== Exercise materials ==

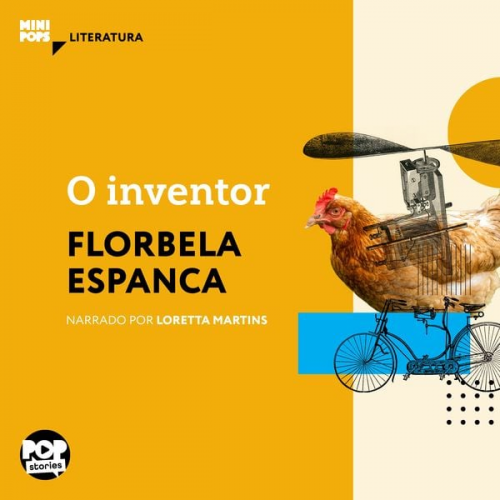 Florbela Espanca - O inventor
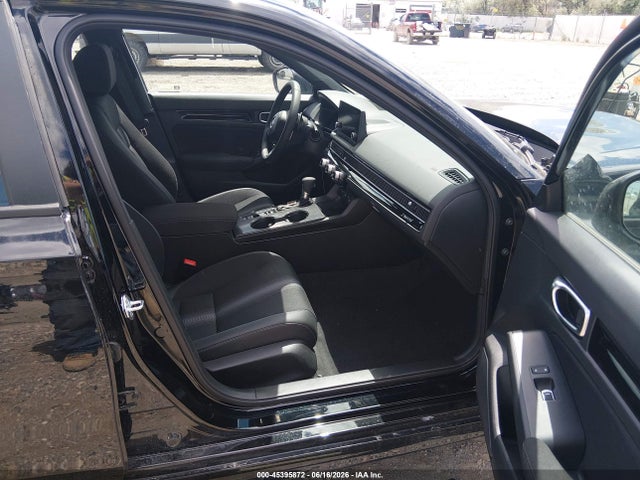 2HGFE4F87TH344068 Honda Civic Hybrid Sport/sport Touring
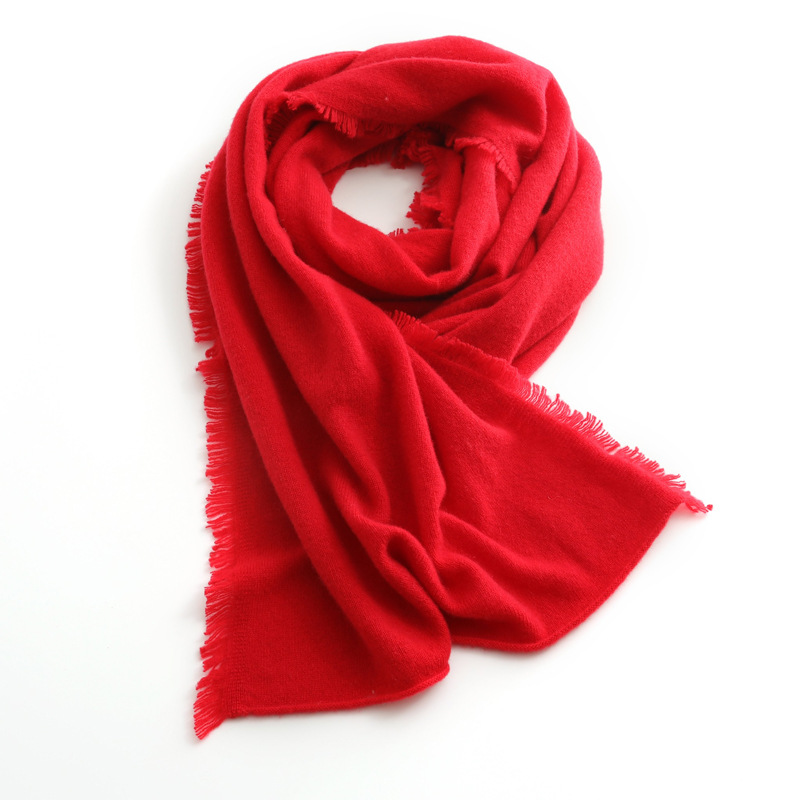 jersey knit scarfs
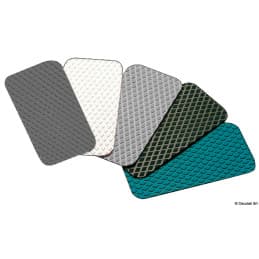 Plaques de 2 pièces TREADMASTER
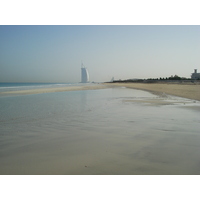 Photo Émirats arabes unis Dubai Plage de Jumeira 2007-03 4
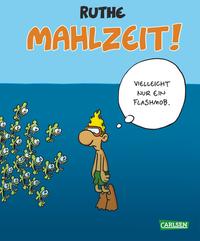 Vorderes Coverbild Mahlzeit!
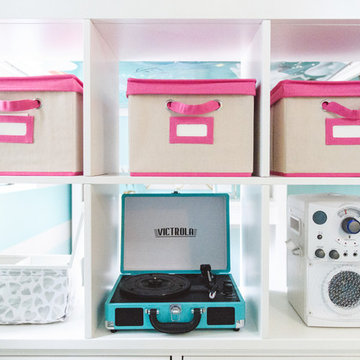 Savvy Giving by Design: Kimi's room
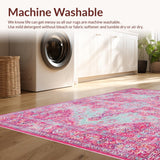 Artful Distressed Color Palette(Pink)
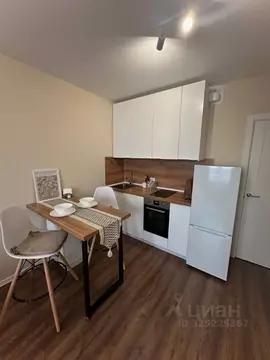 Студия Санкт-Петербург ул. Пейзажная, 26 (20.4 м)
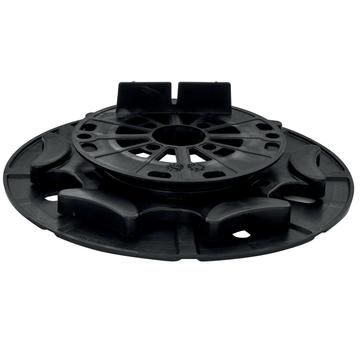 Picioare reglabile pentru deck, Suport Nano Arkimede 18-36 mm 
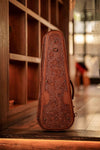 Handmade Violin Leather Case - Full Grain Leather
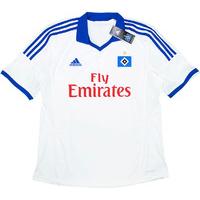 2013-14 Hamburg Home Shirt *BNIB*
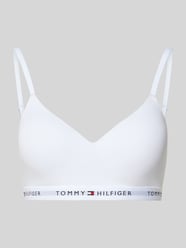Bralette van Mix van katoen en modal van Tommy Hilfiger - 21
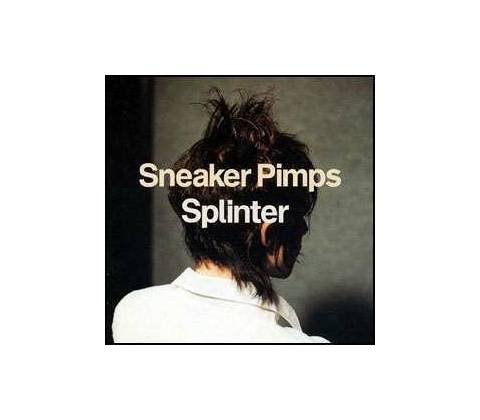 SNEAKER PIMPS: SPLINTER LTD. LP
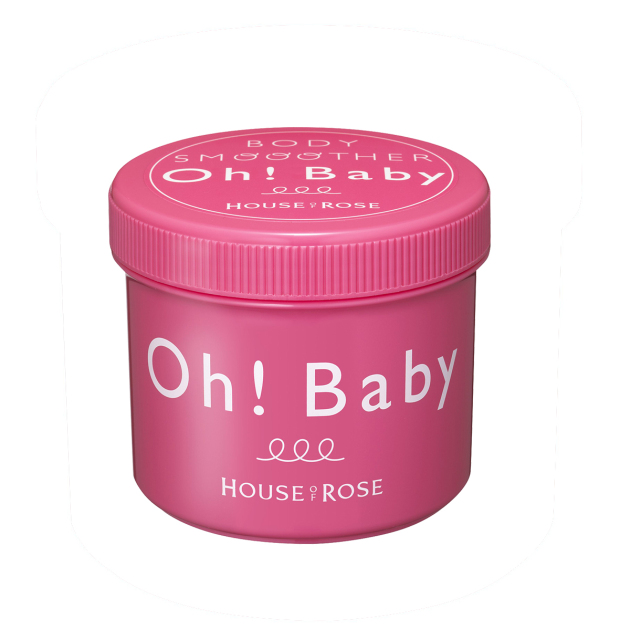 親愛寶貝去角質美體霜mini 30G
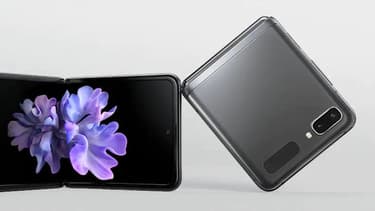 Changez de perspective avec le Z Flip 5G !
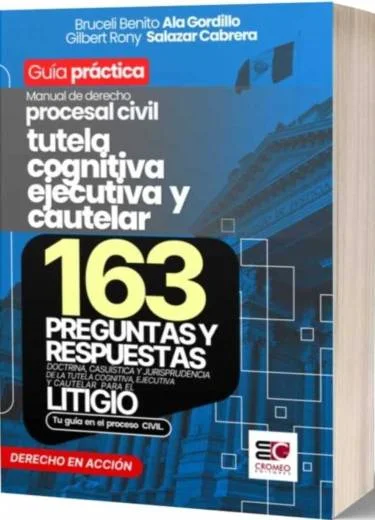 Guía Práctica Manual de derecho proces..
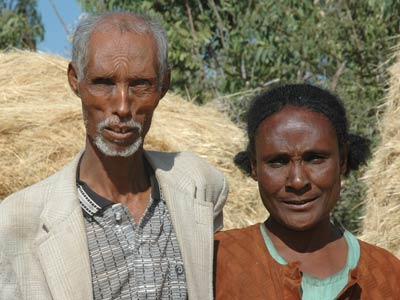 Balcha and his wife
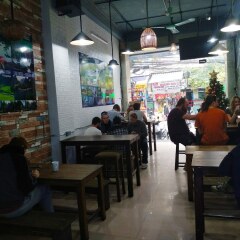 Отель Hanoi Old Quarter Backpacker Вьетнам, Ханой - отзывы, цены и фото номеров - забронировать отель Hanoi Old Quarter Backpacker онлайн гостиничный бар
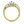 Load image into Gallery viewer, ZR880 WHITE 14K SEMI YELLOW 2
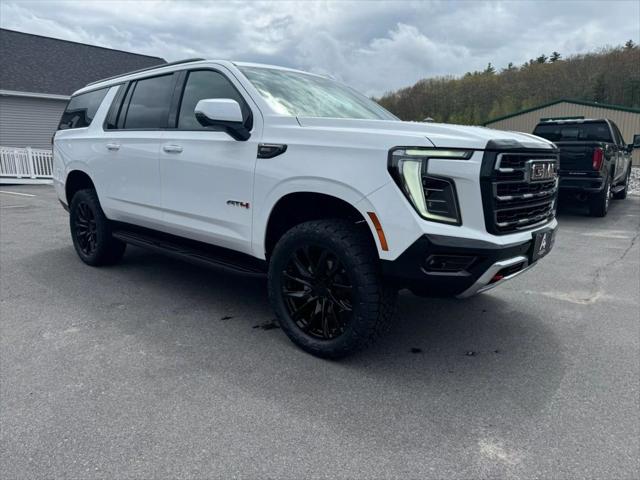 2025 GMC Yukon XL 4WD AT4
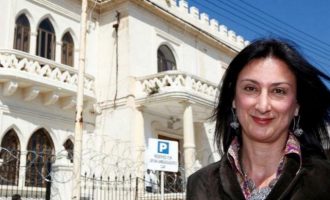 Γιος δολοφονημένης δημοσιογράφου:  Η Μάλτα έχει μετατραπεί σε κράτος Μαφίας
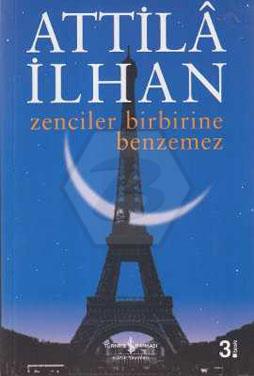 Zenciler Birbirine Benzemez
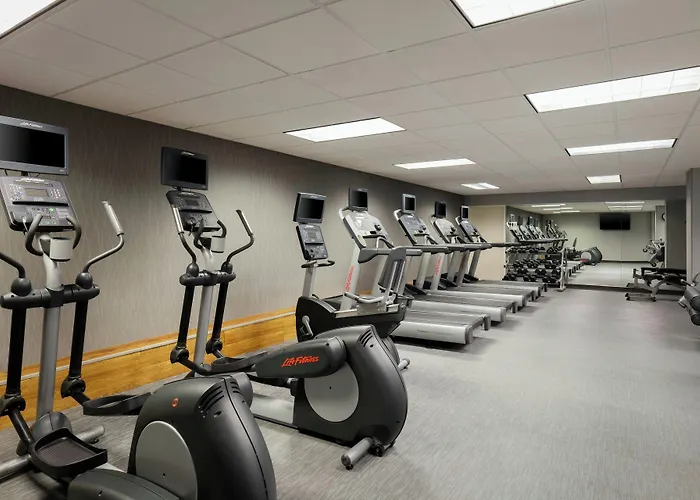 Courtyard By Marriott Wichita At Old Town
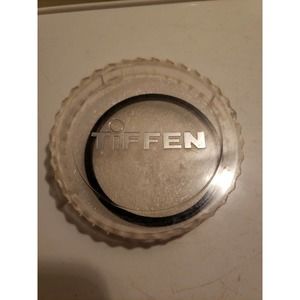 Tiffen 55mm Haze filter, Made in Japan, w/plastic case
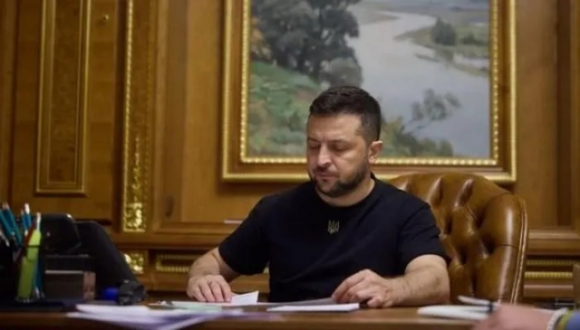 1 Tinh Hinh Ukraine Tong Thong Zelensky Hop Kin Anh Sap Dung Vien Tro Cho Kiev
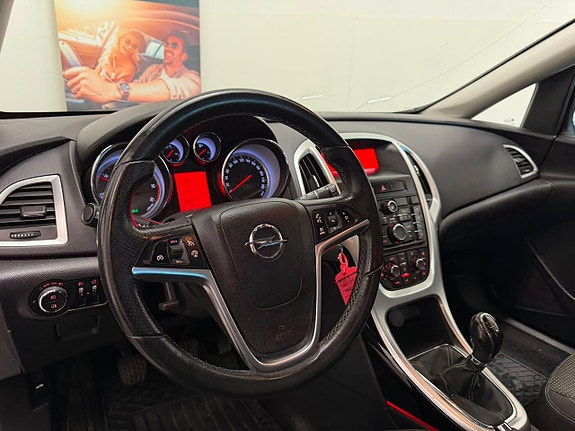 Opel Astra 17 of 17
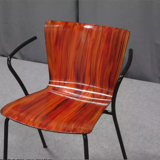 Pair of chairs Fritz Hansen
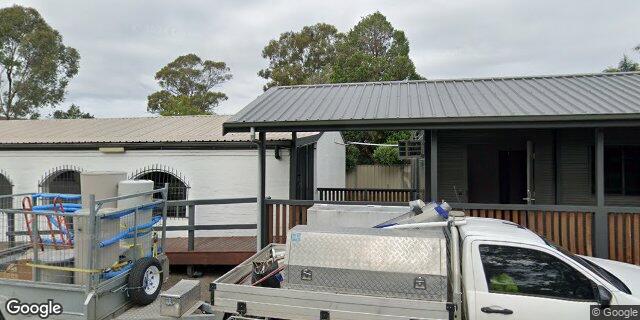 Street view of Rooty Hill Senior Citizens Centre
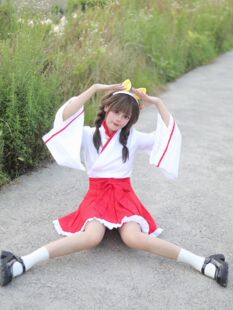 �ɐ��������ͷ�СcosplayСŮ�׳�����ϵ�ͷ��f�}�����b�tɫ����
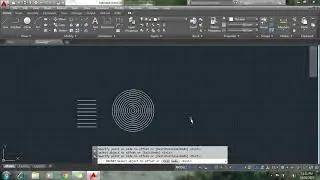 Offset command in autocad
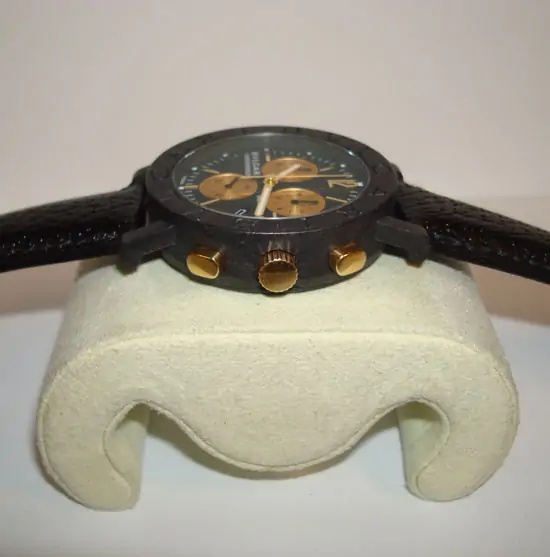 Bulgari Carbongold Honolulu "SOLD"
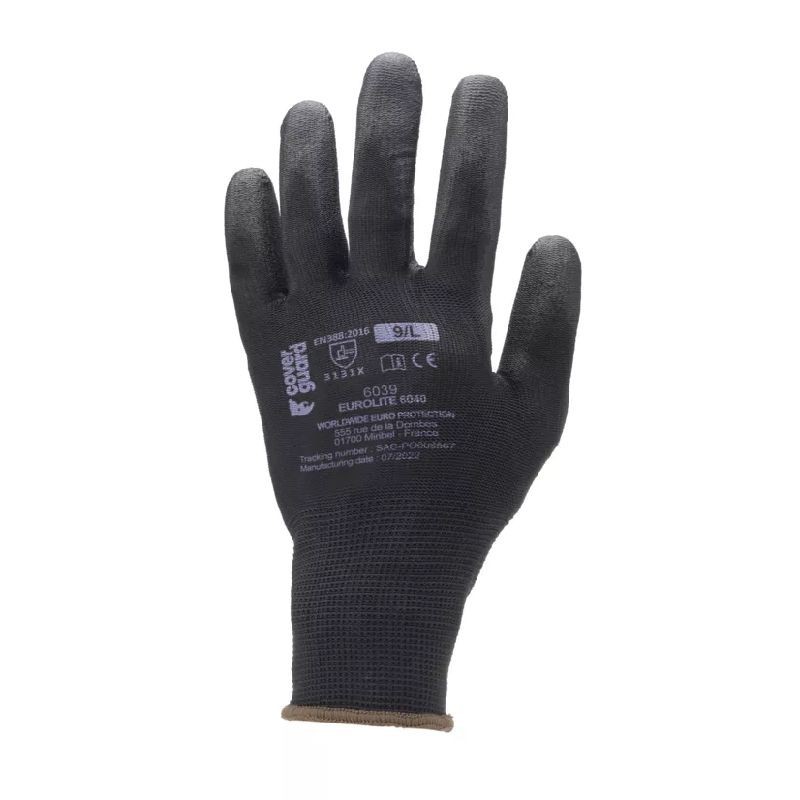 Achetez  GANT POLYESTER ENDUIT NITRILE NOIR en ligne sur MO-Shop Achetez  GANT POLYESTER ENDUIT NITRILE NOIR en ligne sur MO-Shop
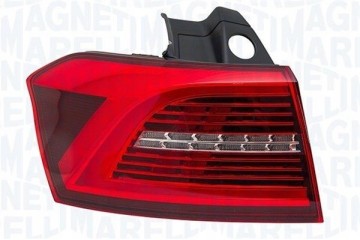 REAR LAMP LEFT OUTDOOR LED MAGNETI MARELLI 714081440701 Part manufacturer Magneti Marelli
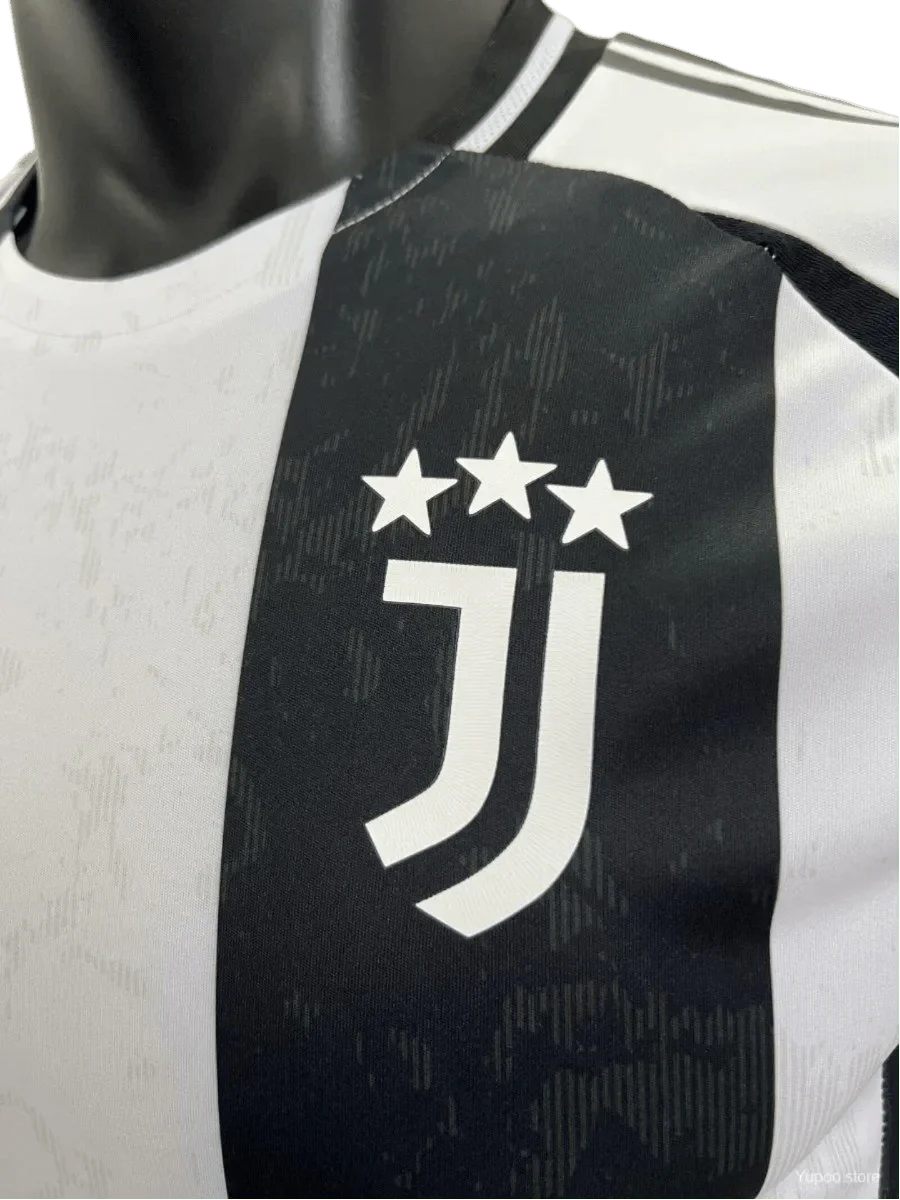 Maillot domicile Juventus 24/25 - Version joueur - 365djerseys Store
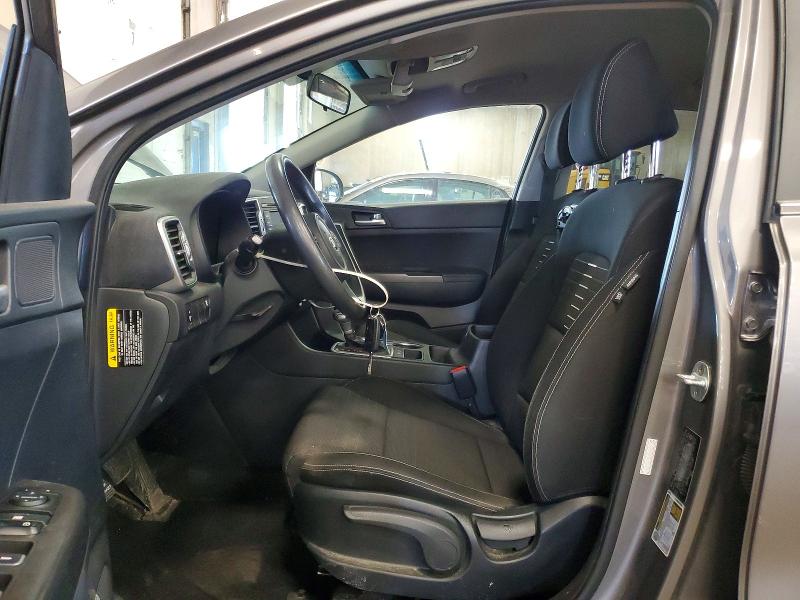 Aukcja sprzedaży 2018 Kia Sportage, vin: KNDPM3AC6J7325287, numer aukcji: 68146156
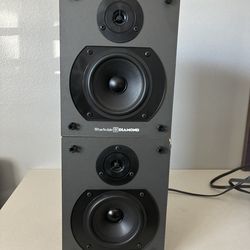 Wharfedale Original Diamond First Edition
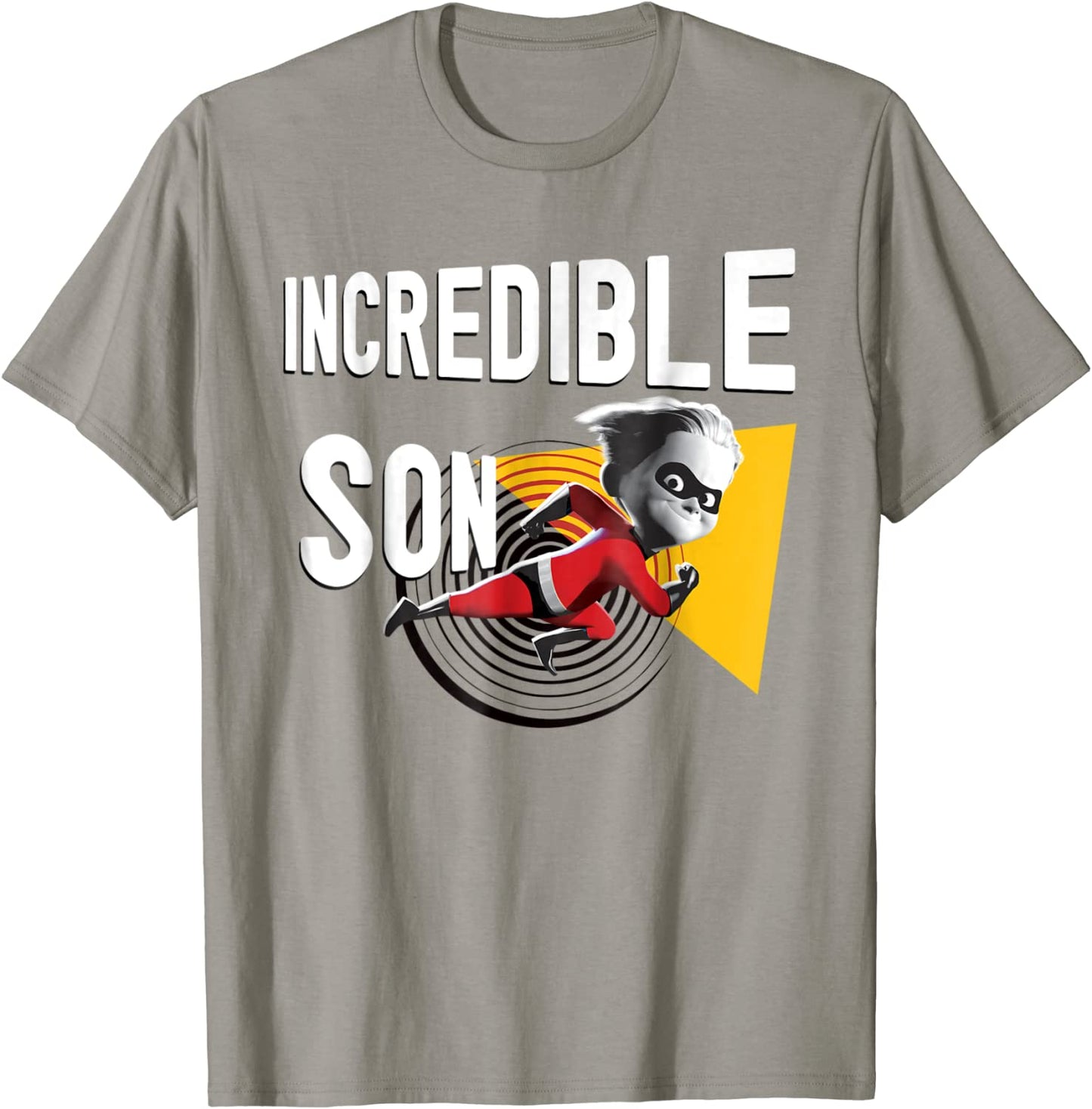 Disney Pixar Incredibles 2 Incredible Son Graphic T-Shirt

===

The task:
Each line from the one that holds "Bulgari Carbongold Honolulu" through the end of the entries must be returned exactly, while any pictures stay out.

Task answer:
 Bulgari Carbongold Honolulu "SOLD"
 Achetez  GANT POLYESTER ENDUIT NITRILE NOIR en ligne sur MO-Shop Achetez  GANT POLYESTER ENDUIT NITRILE NOIR en ligne sur MO-Shop
 REAR LAMP LEFT OUTDOOR LED MAGNETI MARELLI 714081440701 Part manufacturer Magneti Marelli
 Maillot domicile Juventus 24/25 - Version joueur - 365djerseys Store
 Aukcja sprzedaży 2018 Kia Sportage, vin: KNDPM3AC6J7325287, numer aukcji: 68146156
 Wharfedale Original Diamond First Edition
 Disney Pixar Incredibles 2 Incredible Son Graphic T-Shirt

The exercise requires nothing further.